What the task requires: Set down, please, the line that contains "FG15EXM are the vehicle registration plates." and every line that follows it to the end of the records, exactly; do not include pictures.

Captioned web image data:
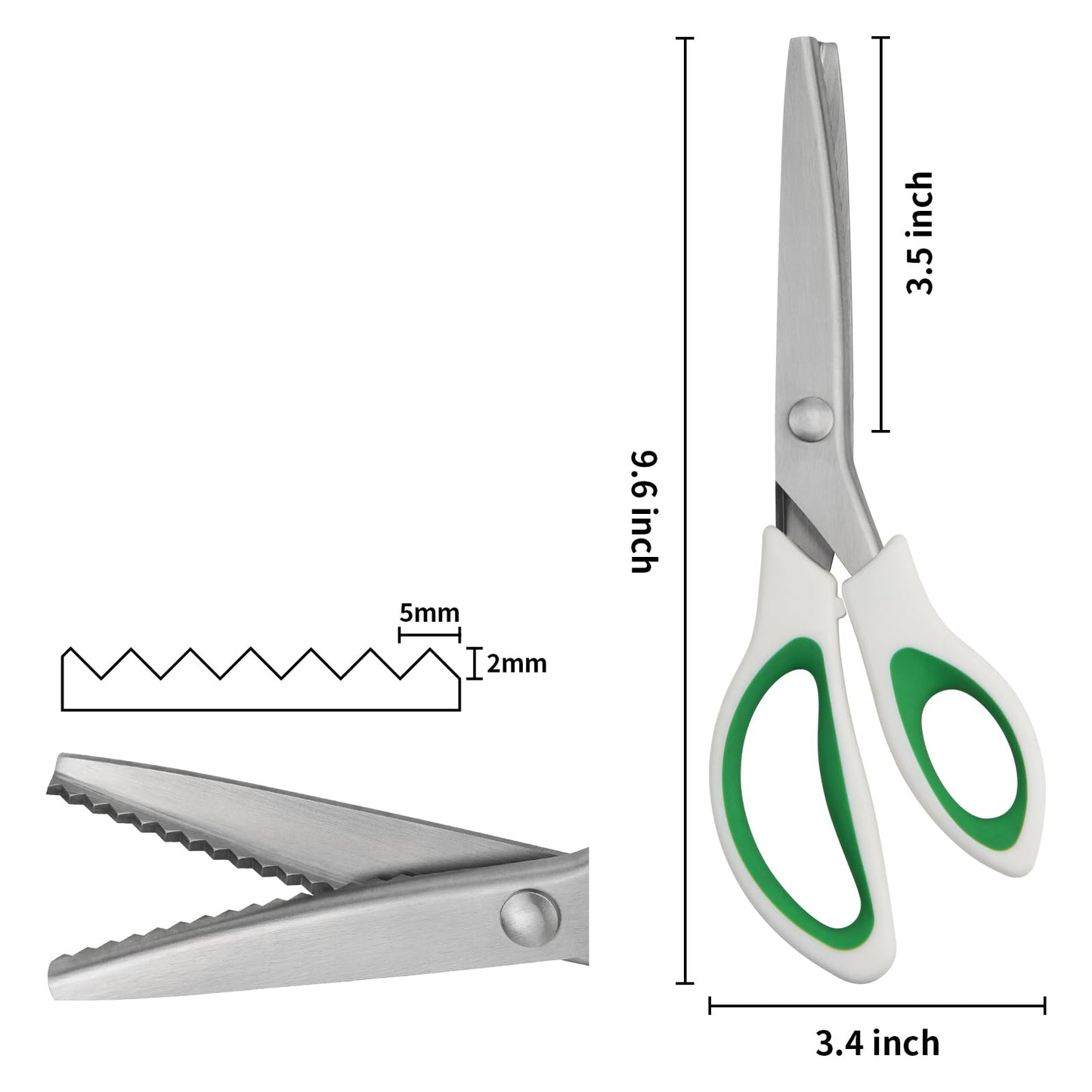 Fri4Free Pinking Shears, 9" Zig Zag Craft Scissors Decorative Edge, Pinking Shears for Fabric Cutting, Professional Dressmaking Sharp Comfort Grips Scrapbook Fabric Sewing Scissors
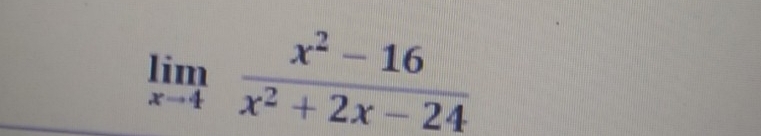 limlimits _xto 4 (x^2-16)/x^2+2x-24 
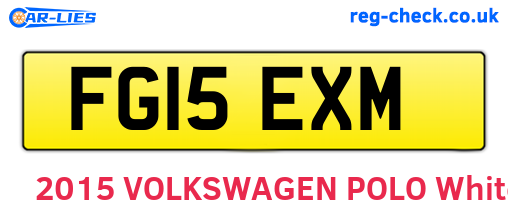 FG15EXM are the vehicle registration plates.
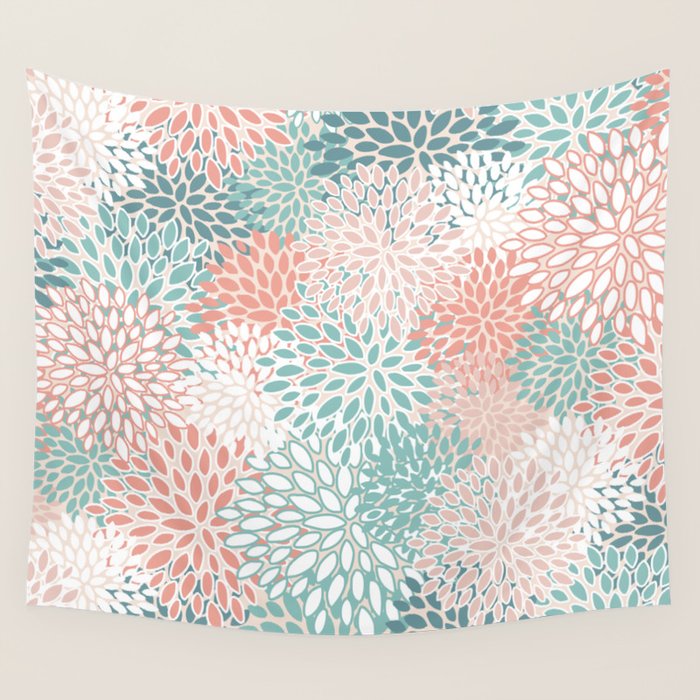 Modern Floral Prints, Coral Teal and Green Wall Tapestry Gallery Image 1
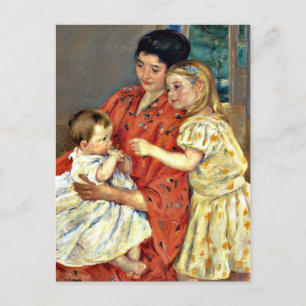 Cassatt - Mother and Sara Admiring the Baby, Postcard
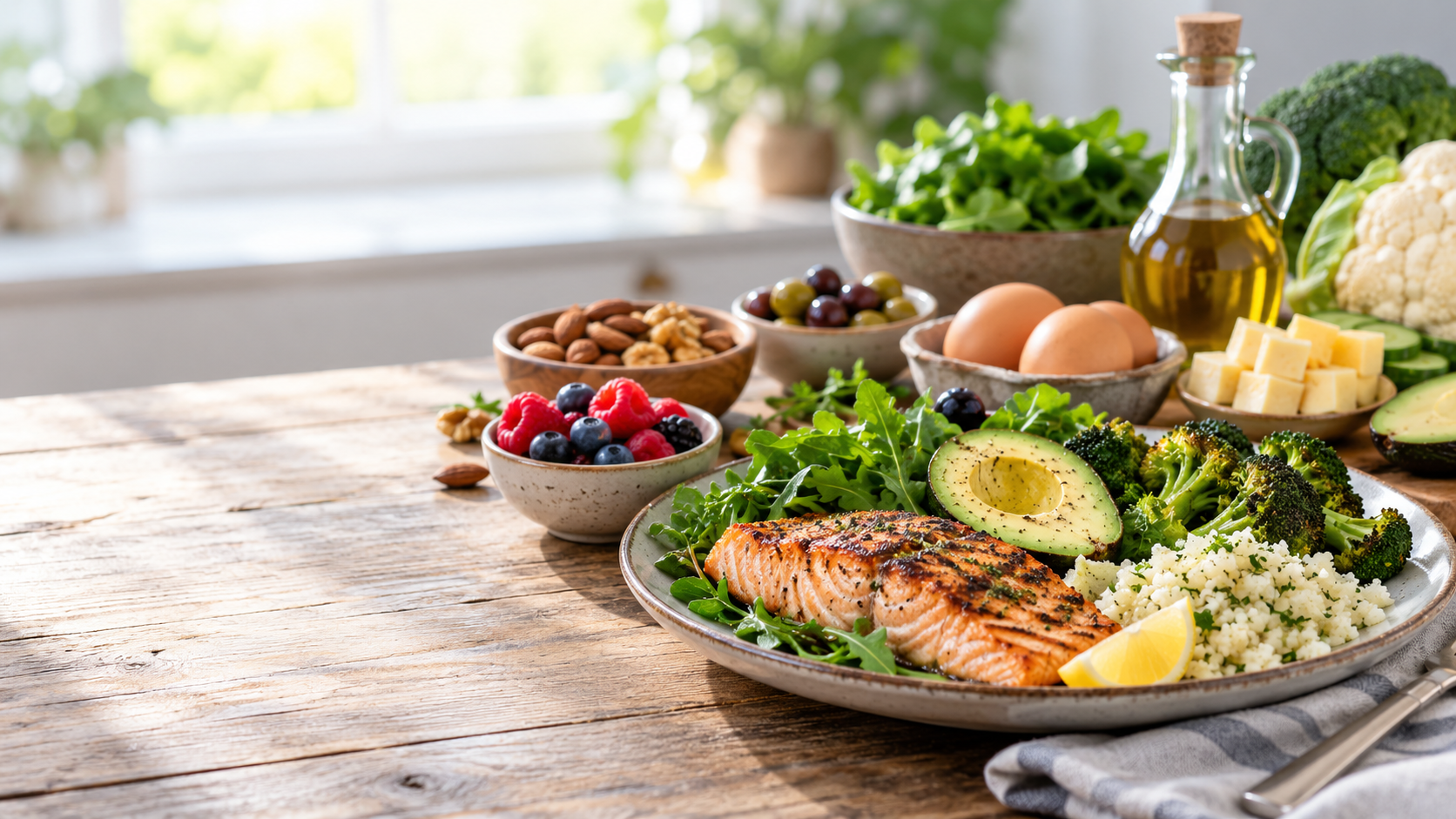 Keto grocery ingredients including salmon, avocado, eggs, greens and cheese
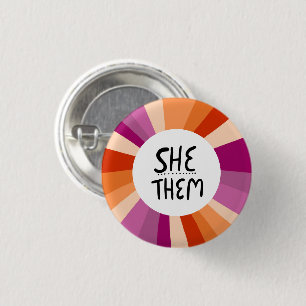Sie/sie Pronouns farbenfroher Circle Lesbian Pride Button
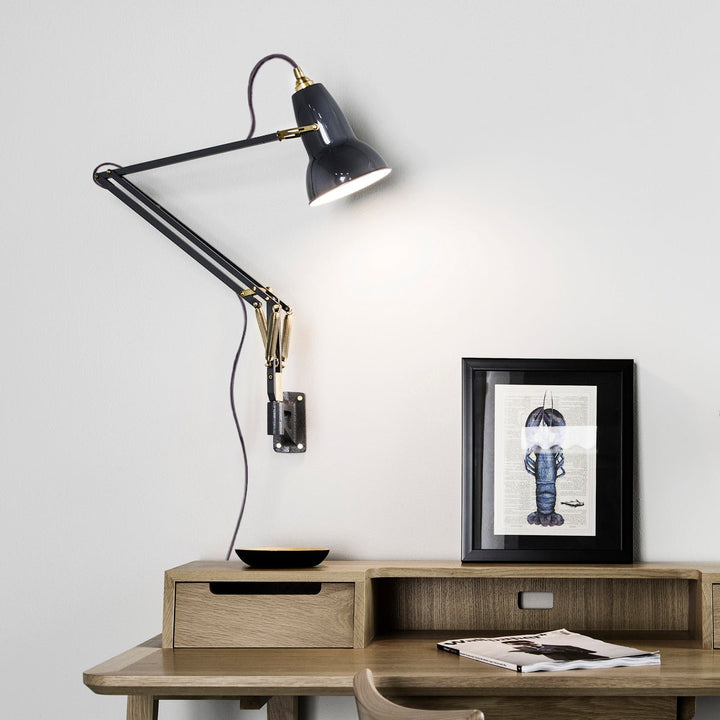 Original 1227 Brass Wall Light - Deep Slate
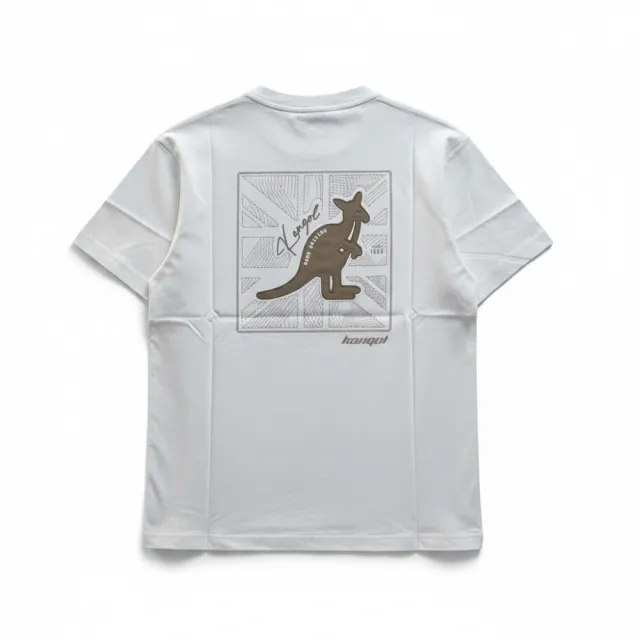 【KANGOL】短T 白色 落肩 袋鼠繡花 短袖 上衣 中性(6625102300)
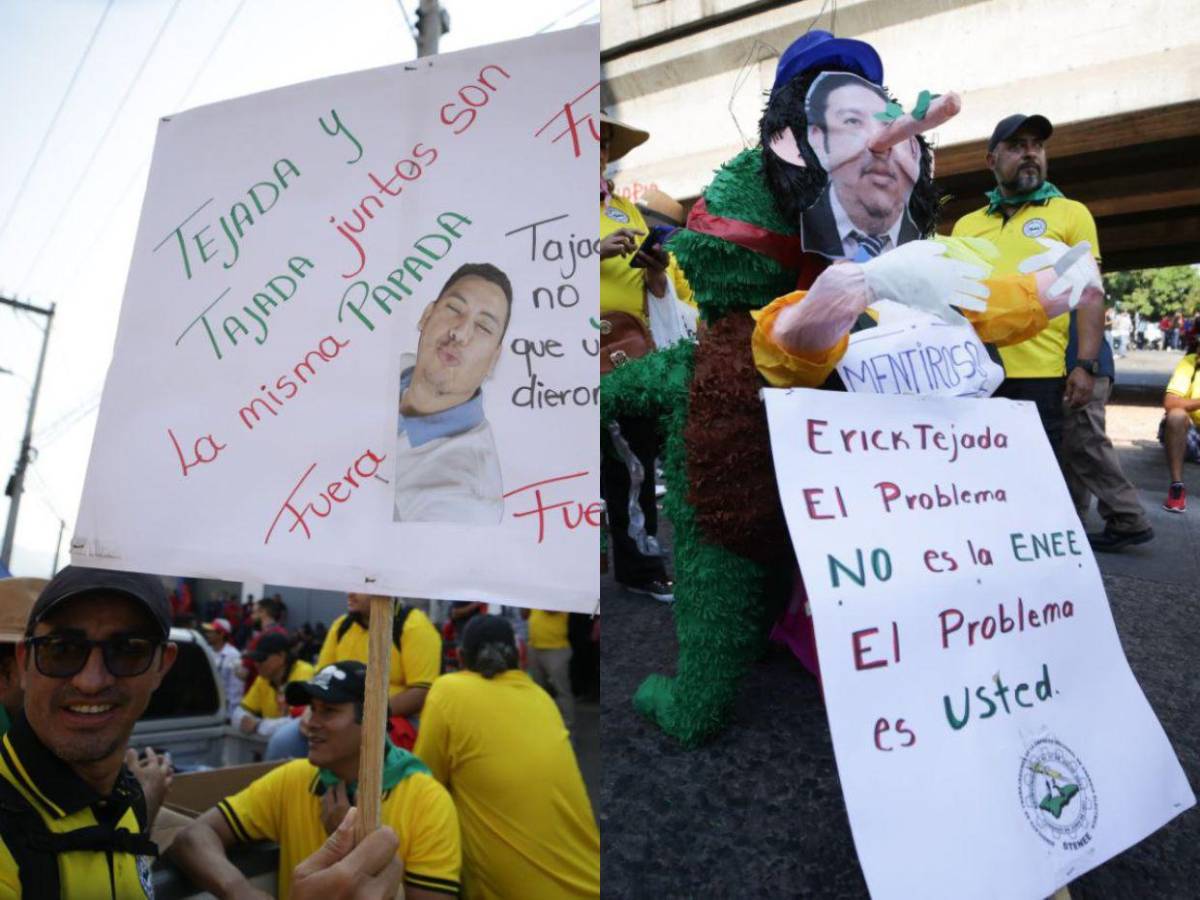 Stenee denuncia con pancartas violación a sus derechos en Día del Trabajador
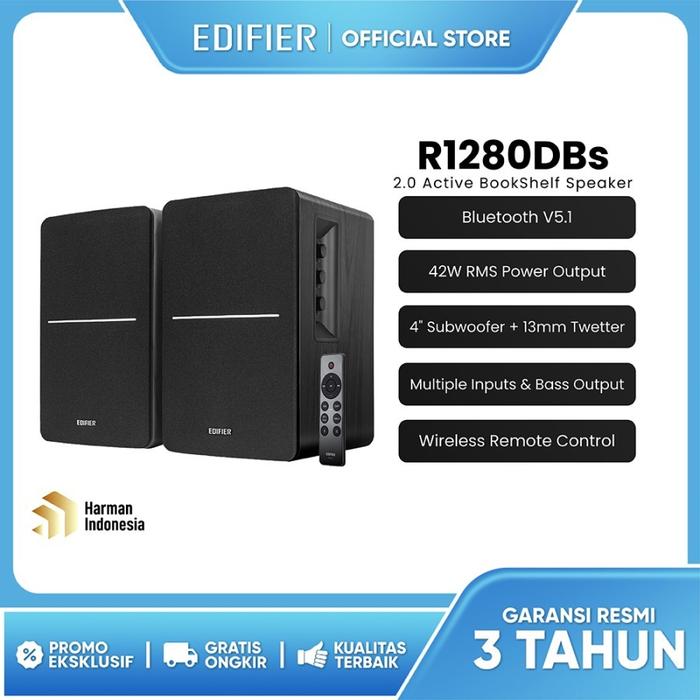 Gambar EDIFIER R1280DBs 2.0 Active Bookshelf Speaker - Hitam dari Starcomp Solo undefined Tokopedia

Response below:
 FG15EXM are the vehicle registration plates.
 Modern Floral Prints, Coral Teal and Green Wall Tapestry Gallery Image 1
 Cassatt - Mother and Sara Admiring the Baby, Postcard
 Keto grocery ingredients including salmon, avocado, eggs, greens and cheese
Sie/sie Pronouns farbenfroher Circle Lesbian Pride Button
 Original 1227 Brass Wall Light - Deep Slate
 【KANGOL】短T 白色 落肩 袋鼠繡花 短袖 上衣 中性(6625102300)
 Stenee denuncia con pancartas violación a sus derechos en Día del Trabajador
 Gambar EDIFIER R1280DBs 2.0 Active Bookshelf Speaker - Hitam dari Starcomp Solo undefined Tokopedia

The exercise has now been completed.